Days

日常と読書日記。 受験生日記は閉幕です。

2023年09月

 前回の続き。前回はこちらです。
 気づいたら前回から5カ月以上近く空いてしまったが、気を取り直していきましょう。




■深層NEWS(BS日テレ)「【ウクライナ“反転攻勢”シナリオ】プーチン氏「3月東部制圧」失敗“第2のバフムト”空爆が1日20回…欧米主力戦車をどう使う?」(2023年4月4日)



 バフムトより南方にあるアウディーウカの戦況をレビュー。面積はバフムトに比べるとかなり小さいが、鉄道網の上にある地域であるため、兵站に苦労しているロシアとしてはここを取ることに魅力があるようだ(だがうまくいってはいない)。


■文藝春秋電子版「ワグネルとはクレムリンにとって〈軍閥マフィア〉か〈民間軍事会社〉か?」(2023年4月10日)



 小泉悠と高橋杉雄が改めてワグネルについて語り合う動画。この時点ではプリコジンの乱がまだ起きていないため、「プリコジンは大統領選に立候補するのか?(そもそも立候補要件を満たすのか?)」と言った話がされている。ご存じのようにいまはもう彼は現世にはいないため、5カ月前に隔世の感を覚える動画だ。


■広島テレビ「【インタビュー】「核の威嚇とG7広島サミット」小泉悠氏に聞く」(2023年4月21日)



 広島サミットを控えての、広島のローカル局が小泉悠にインタビューした動画。小泉のフットワークと軽さを実感しつつ、広島のメディアゆえか核に関する関心が中心的に聞かれているインタビュー。小泉が核について語り続ける機会は、よく考えると珍しいかもしれない。


■テレビ東京「ゼレンスキー大統領が記者会見“ニッポンに一番期待すること」(2023年5月21日)



 今あらためて言及することは少ないが、G7広島サミットにゼレンスキーを呼ぶことができたのは岸田「外務大臣」と外務省にとって、ロシアに対する大勝利だと言えるだろう。「この世に戦争が存在するべきでない」と語る言葉を、改めて重く受け止めたい。


■文藝春秋電子版「東野篤子×廣瀬陽子「ウクライナ反転攻勢で戦争は終わるか」」(2023年6月24日)



 まず二人の仲の良さが存分に伝わってくる対談。そもそも二人はいつから仲いいんですか?というなれそめの話もあり、面白い。
 フルバージョンは有料会員向けで無料で見られるのは26分だけだが、これまでの研究活動と現実の戦争で起きている現象の素朴なギャップなど(ワグネルの正体とか、ワグネルとロシア政府の関係とか)が聞けるのは純粋に面白い。とりわけ「未承認国家」や「凍結された紛争」の専門家である廣瀬がこの6月の時点でどのように戦争をとらえているのかについては、(局地的な分析に終始しがちな)地上波の解説では聞けない要素だと感じた。

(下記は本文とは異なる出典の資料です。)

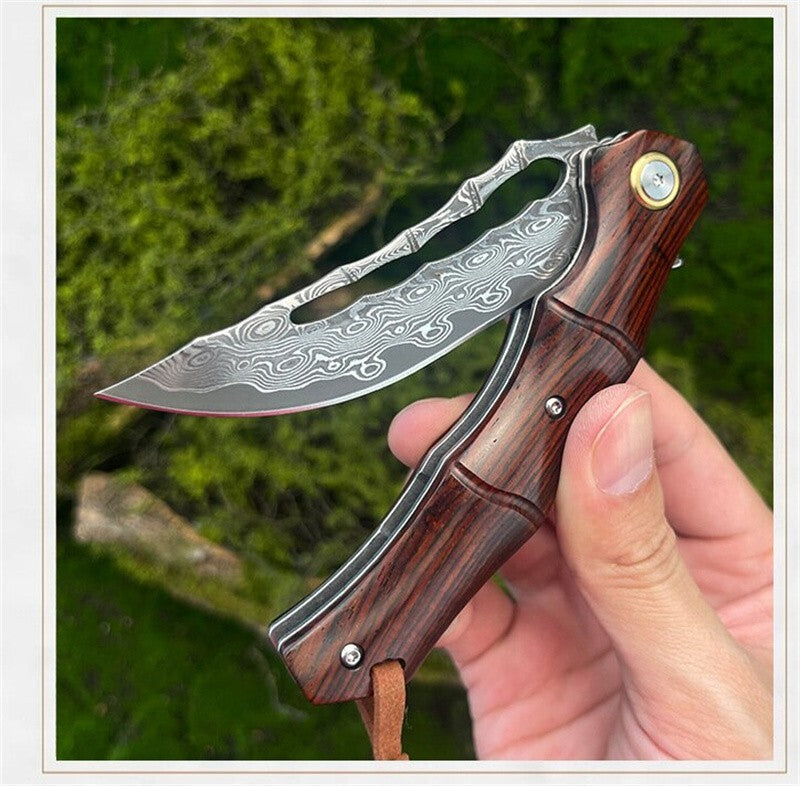 8'' New Fast Opening VG10 Damascus Blade Wood Handle Pocket Folding Knife VTF83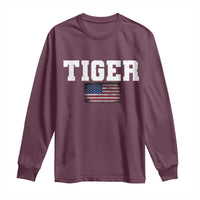 Classic Tigers Long Sleeve Shirt Retro Varsity Vintage Team Name USA Flag - Wonder Print Shop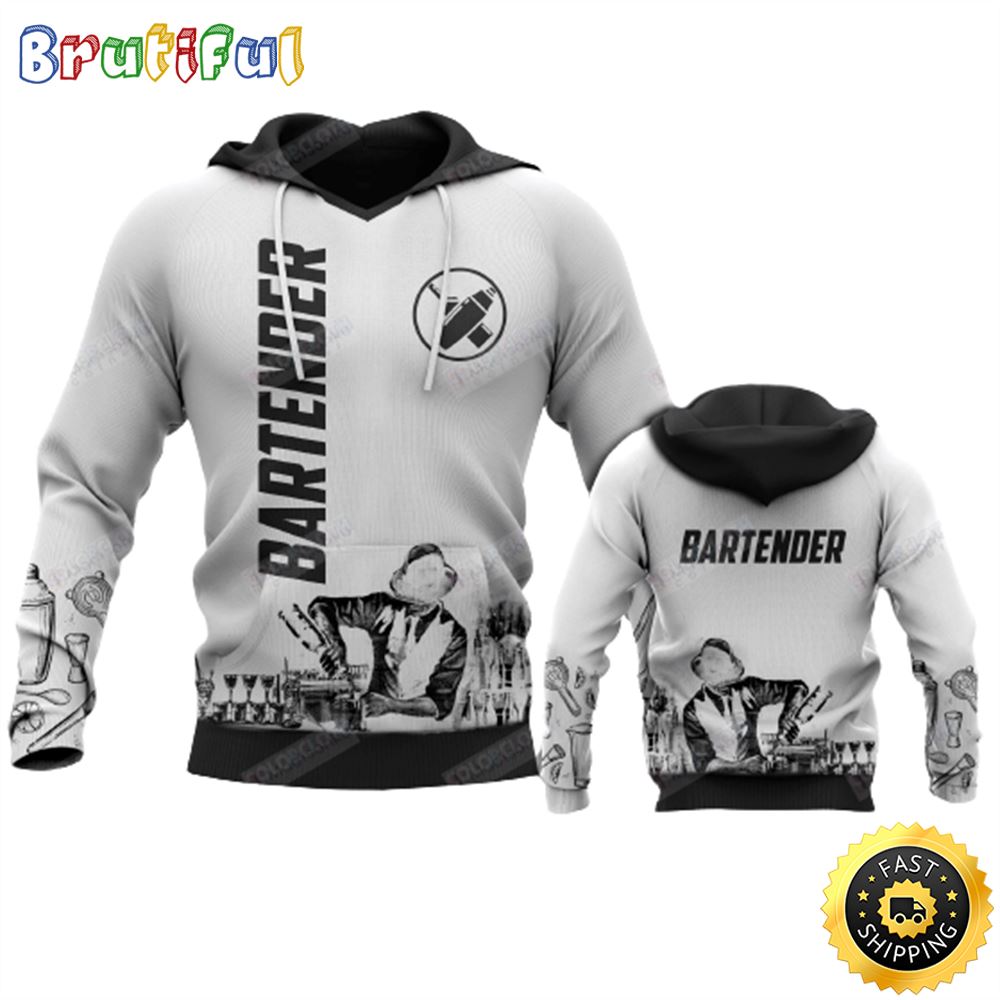 Bartender Hoodie Bartender Drinks Silhouette Black White Hoodie 1 x5z9q3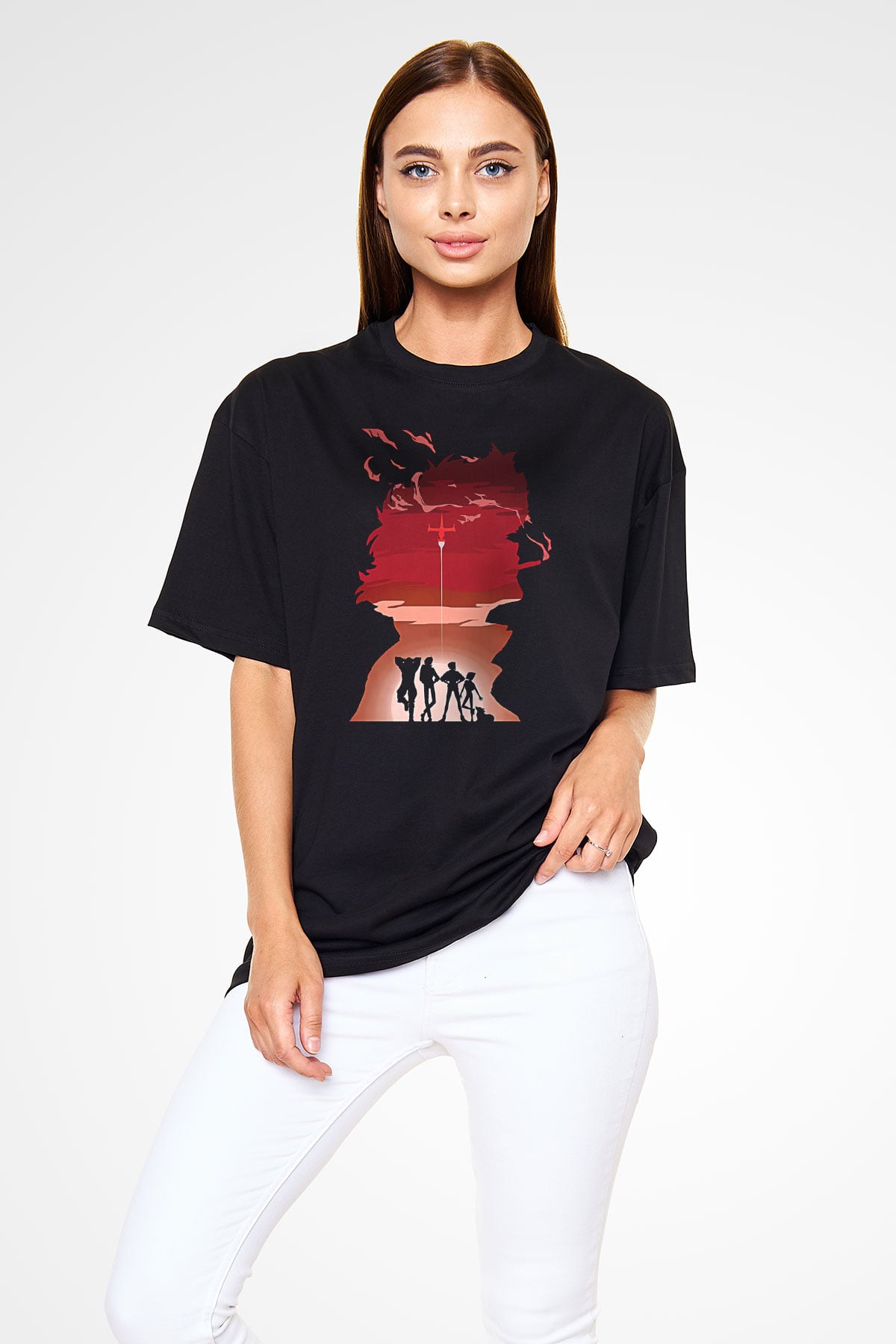 Cowboy Bebop Baskılı Unisex Siyah Oversize Tişört - Tshirt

■荻上チキ・session(TBSラジオ)「【専門家解説】ロシアのウクライナ侵攻〜クラスター爆弾の供与めぐる是非は」(2023年7月10日)



 クラスター弾を禁止するオスロ条約にはウクライナもロシアも、そして供与側のアメリカも加盟していないということ。とはいえ、世界的にはやめましょうというムードの中であえて供与することを決めた判断に対しての解説。弾薬が足りていない中で戦争を終わらせるキーとしての今回の供与。ゆえに「難しい」という廣瀬の言葉が正直なところだろうか。


■笹川平和財団安全保障研究グループ「ロシア・ウクライナ戦争における核エスカレーション・リスク 」(2023年7月27日)



 冒頭で高橋杉雄が指摘しているように、この戦争の開戦当初からロシアの核使用リスクや、エスカレーション・リスクは存在していた。リスクの程度の差はあれ、いまでもゼロになったとは言えないだろう。そうした状況を前提に果たして西側諸国はどのような行動をとればよいのか? といった骨太な議論が小泉悠や鶴岡路人らを交えて展開されるセミナーである。


■報道1930(BS-TBS)「プーチン氏「高支持率」の裏で…"終身独裁"か?"ポスト・プーチン"到来か?」(2023年9月21日)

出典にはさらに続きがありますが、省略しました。